IF 1996 was the year when people-power showed its muscle, then the Kilcock rezoning referendum has to be its best example.
The plain people of the Kildare town took on their local representatives, most of the town's traders, powerful vested interests, plus the combined strength of the two main political parties, and stood the political world on its head with their own brand of local democracy.
Propelled by fear, frustration and white-hot anger when local councillors seemed irrevocably bent on adopting amendments to the development plan - amendments capable of trebling the population at a stroke with no guarantee of early improvements in the shaky infrastructure - the worm turned.

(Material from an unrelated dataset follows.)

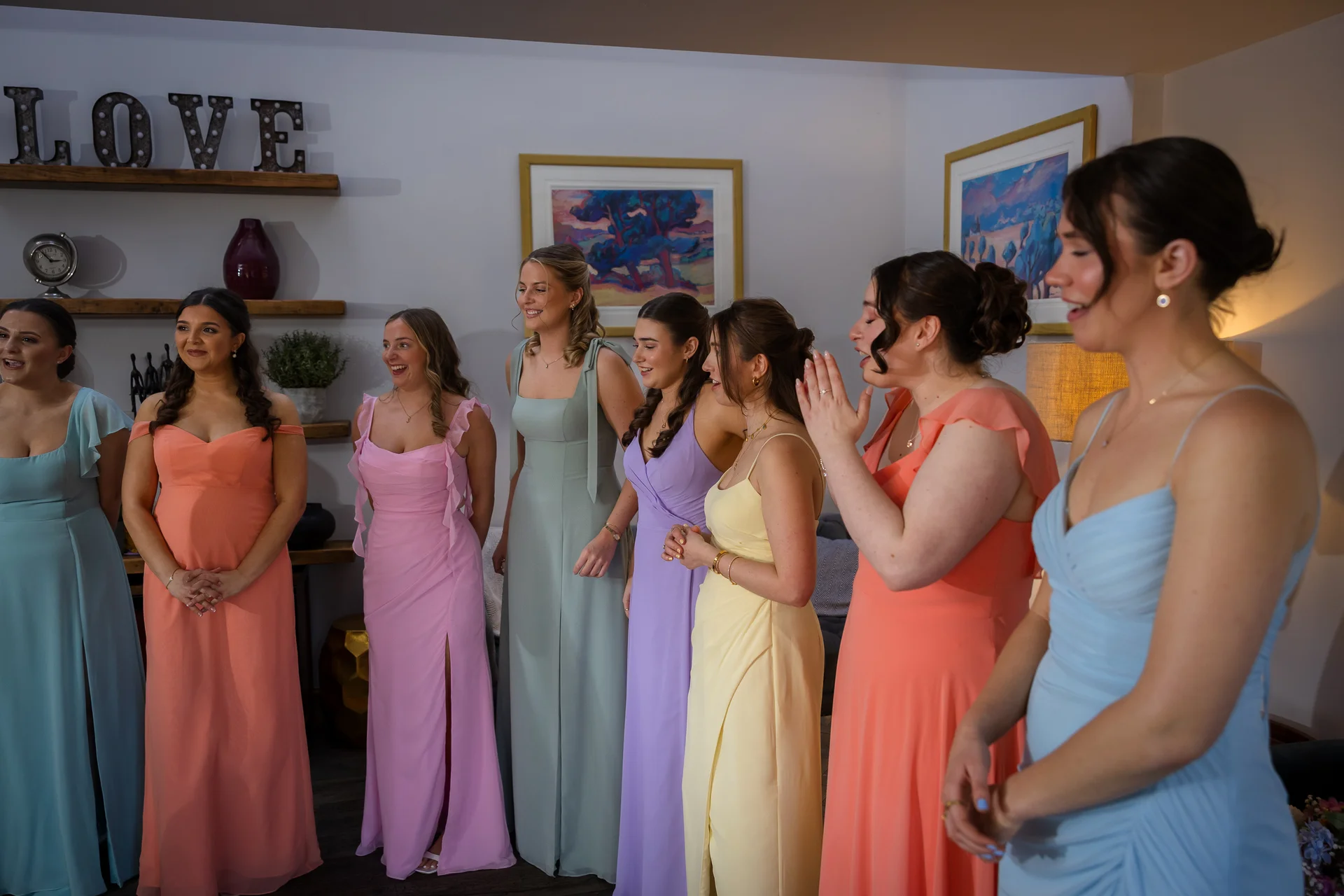 A group of bridesmaids wearing colourful, mismatched pastel dresses stand together indoors, smiling and reacting to a moment.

Efficiently and intelligently, local interest groups, spearheaded by the North Kildare Alliance for Better Planning, organised a September referendum in the town. The campaign was bitter - "up there with the water charges" - said Energy Minister and rezoning opponent Mr Emmett Stagg, but the anti-amendment group finally swept to victory with a two-to-one vote against the rezoning proposals.
Within two weeks, the victory gained substance when Environment Minister Brendan Howlin requested the county council to suspend making "ill-considered" decisions on rezoning until it first prepared a development plan for the whole county.
Kilcock has laid down a marker. Councillors, who by the next local elections circa 1999, will have enjoyed eight years of power, have been put on notice - power to the people isn't just a slogan.